Extracted data »
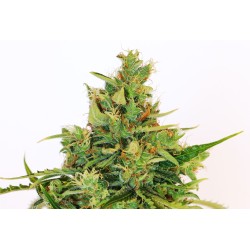 AMNESI-K LEMON · Kannabia Seed Company · cannabis samen · Fem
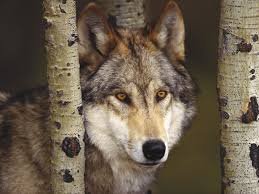 Image result for wolf pics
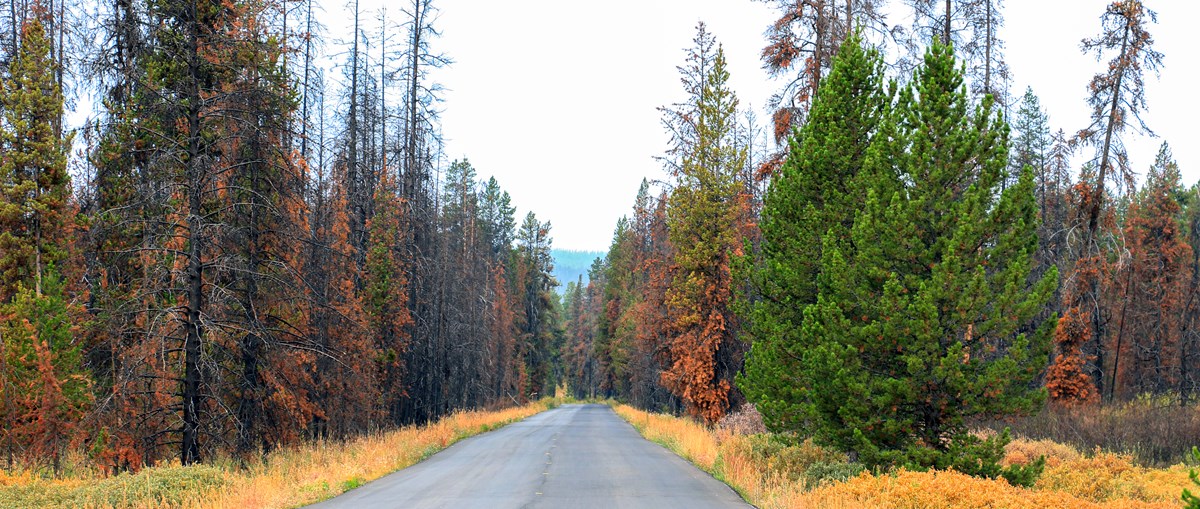 A road extends away from the viewer, lined on both sides by dead burned trees and some green, live ones.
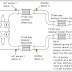 Dodge 2 4 Engine Diagram 02 Sensor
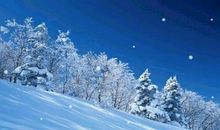 小学生作文扫雪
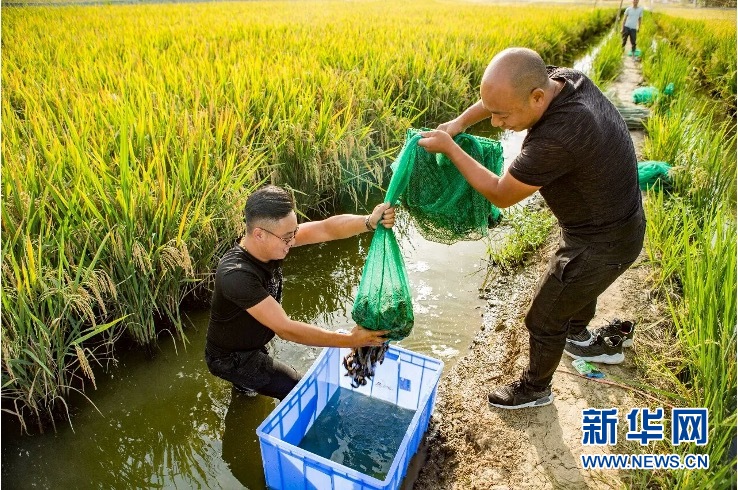 汉中汉台稻渔综养助力乡村振兴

Work to be completed »
Could you set down every entry again exactly as written, leaving out any pictures?

Response »
 AMNESI-K LEMON · Kannabia Seed Company · cannabis samen · Fem
 Image result for wolf pics
 A road extends away from the viewer, lined on both sides by dead burned trees and some green, live ones.
 Dodge 2 4 Engine Diagram 02 Sensor
 小学生作文扫雪
 汉中汉台稻渔综养助力乡村振兴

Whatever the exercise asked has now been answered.